**What to produce:** All of the records must be restated exactly, with every line complete.

**Extracted material:**
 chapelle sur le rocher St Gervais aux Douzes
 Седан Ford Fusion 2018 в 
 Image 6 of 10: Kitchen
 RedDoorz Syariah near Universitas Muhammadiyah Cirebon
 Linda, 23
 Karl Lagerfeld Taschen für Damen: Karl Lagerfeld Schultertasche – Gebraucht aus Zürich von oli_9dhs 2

**The answer:**
 chapelle sur le rocher St Gervais aux Douzes
 Седан Ford Fusion 2018 в 
 Image 6 of 10: Kitchen
 RedDoorz Syariah near Universitas Muhammadiyah Cirebon
 Linda, 23
 Karl Lagerfeld Taschen für Damen: Karl Lagerfeld Schultertasche – Gebraucht aus Zürich von oli_9dhs 2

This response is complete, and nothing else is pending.